● **REQUIRED ACTION**
Please transcribe exactly the line that holds "Labrador Mix Bruce" and all lines that follow it to the end of the records below, omitting any pictures.

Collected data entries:
┏━━
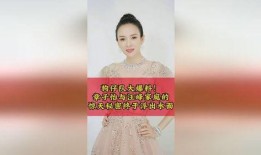 狗仔爆料章子怡视频,狗仔爆料引发热议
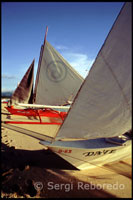Boats painted in bright colors for the practice of sailing. White beach. Boracay.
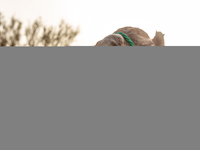 A camel is seen on dunes of Eastern Sahara desert on a sunny day on October 30, 2024 near Douz, Tunisia. (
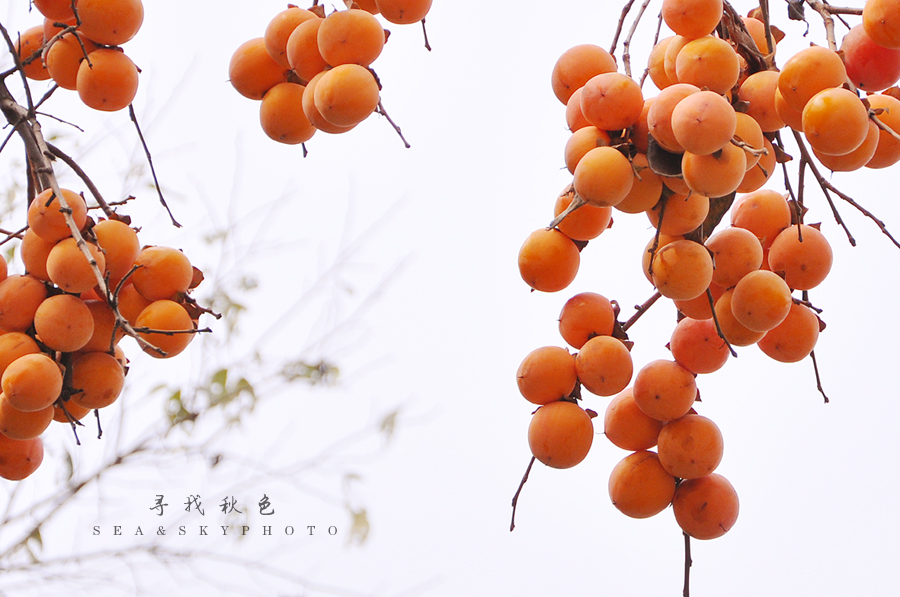寻找秋色2.jpg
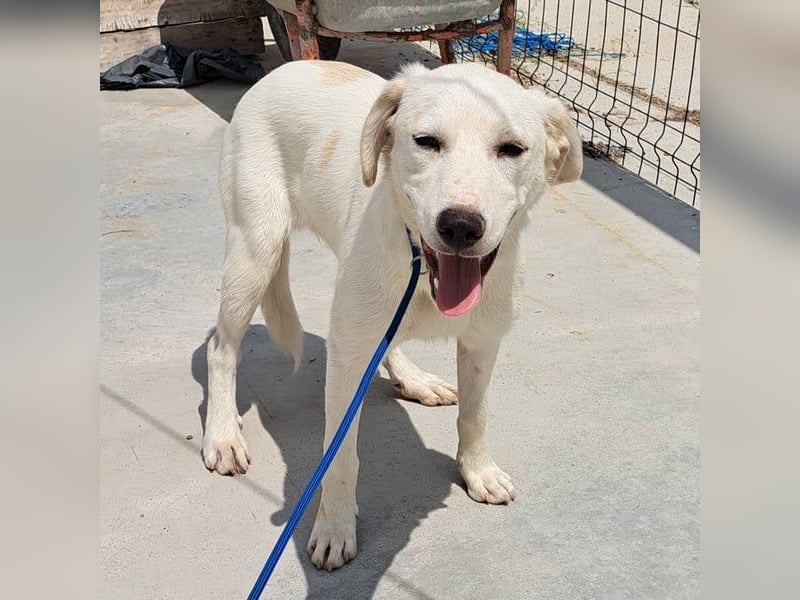 Labrador Mix Bruce möchte Rumänien schnell verlassen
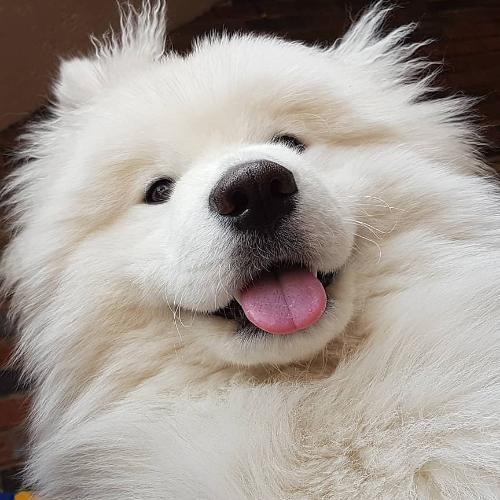 สมาชิกหมายเลข 7137404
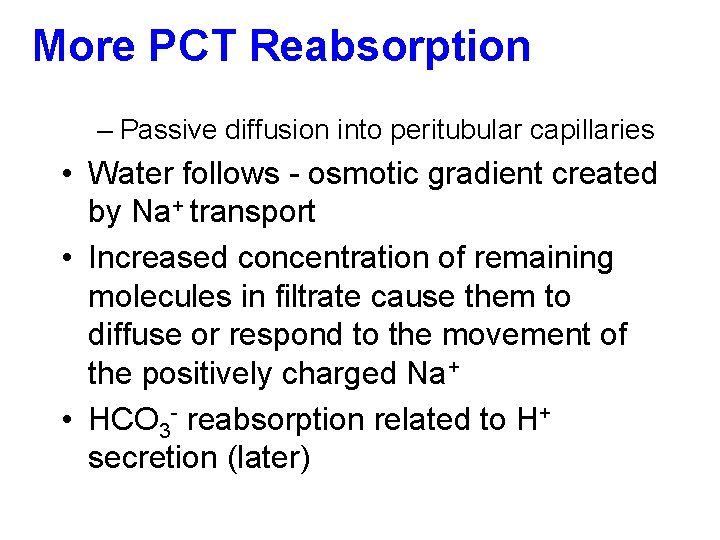 More PCT Reabsorption – Passive diffusion into peritubular capillaries • Water follows - osmotic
┗━━
● **EXERCISE OUTPUT**
 Labrador Mix Bruce möchte Rumänien schnell verlassen
 สมาชิกหมายเลข 7137404
 More PCT Reabsorption – Passive diffusion into peritubular capillaries • Water follows - osmotic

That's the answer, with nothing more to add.